Closed windspirit95 closed 2 years ago
Hi @windspirit95, thanks for your interest!
As a general rule of thumb, you only need to replace nn.Linear
that goes from the model's hidden representation space to the "label" space. These layers are typically the last ones you apply before apply the loss function. Usually, this is easy to tell from the model's forward
function. However, here, from a cursory read of the model __init__
, it seems that the nn.Linear
that maps from *_embed_dim
to final_dim
are the ones that need to replace by mup.MuReadout
: self.final_proj
and self.project_q
. Though here there are a few lines that seem to mix hidden dimension with output dimension, e.g.

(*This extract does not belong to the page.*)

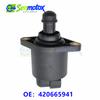 420665941 Ventil volnoběžných otáček IACV Auto 420665940 420963055 420963057 4 piny Vhodné pro CAN AM Outlander Renegade 2006 Aktuální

final_dim = cfg.final_dim if cfg.final_dim > 0 else cfg.encoder_embed_dim
and it's not clear to me why this is done.
Hi @thegregyang. Thanks for your reply. The example I took from: https://github.com/pytorch/fairseq/blob/main/fairseq/models/wav2vec/wav2vec2.py, from line 294 Seem this model looks a bit like a transformer example, isn't it? But it quite difficult to apply muP in this model :)
Looking at the source code, it seems that my initial assessment is correct. You just need to replace self.final_proj
and self.project_q
. You can double check this by running coord check and ensuring that the curves are flat.

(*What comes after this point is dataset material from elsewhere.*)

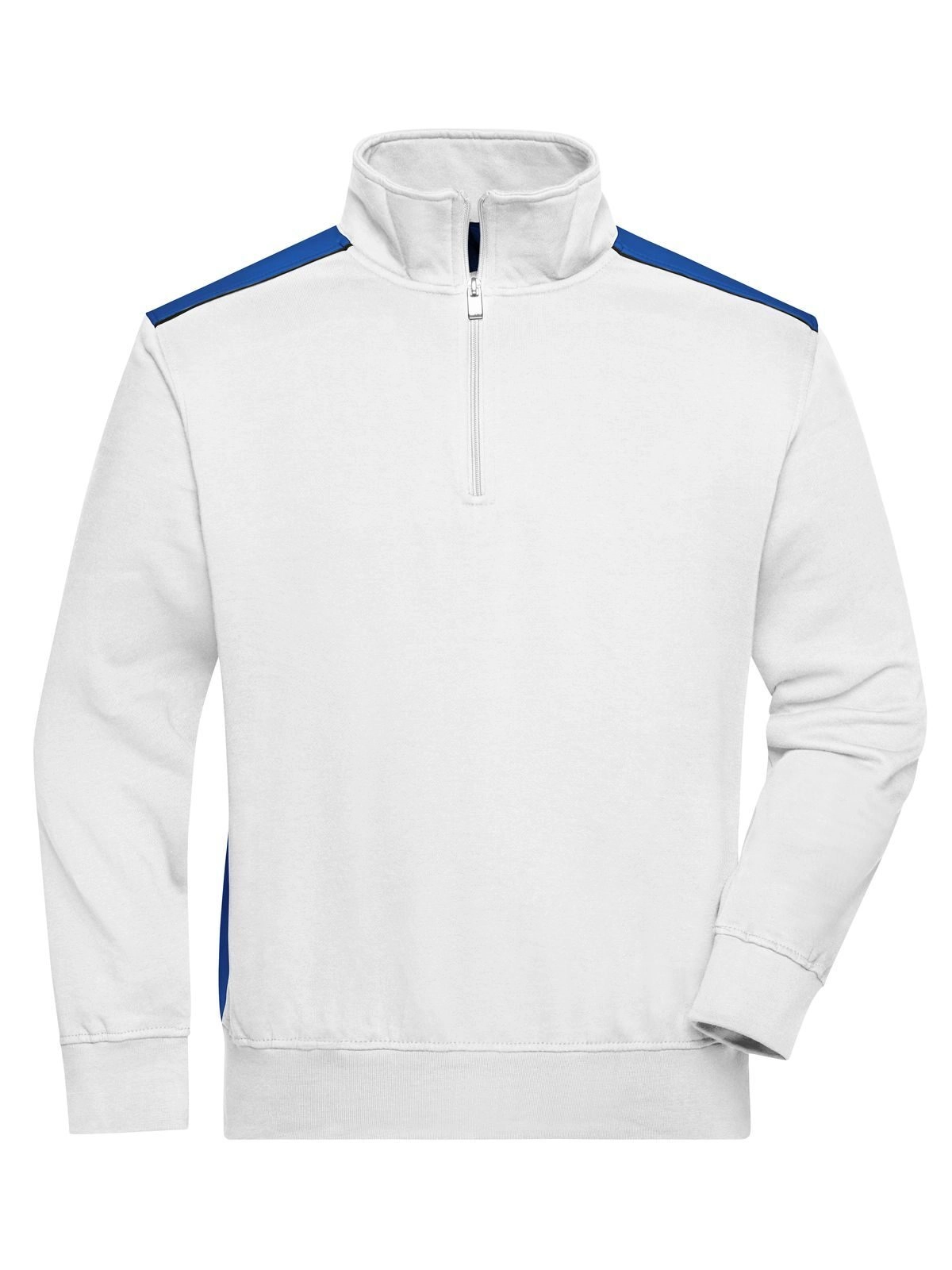 Immagine Workwear Half-Zip Sweat - Color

I'll close this issue for now since it seems like we have arrived at an answer. But feel free to re-open if there are further problems.
Hi, Your project is really interesting, so I am learning how to apply it to some specific models. For example, the model has multiple nn.Linear layers like in wav2vec 2.0 (self.post_extract_proj, self.project_q, self.project_inp, self.target_glu, self.final_proj), should I replace all these layers to MuReadout?
Thank you! ^^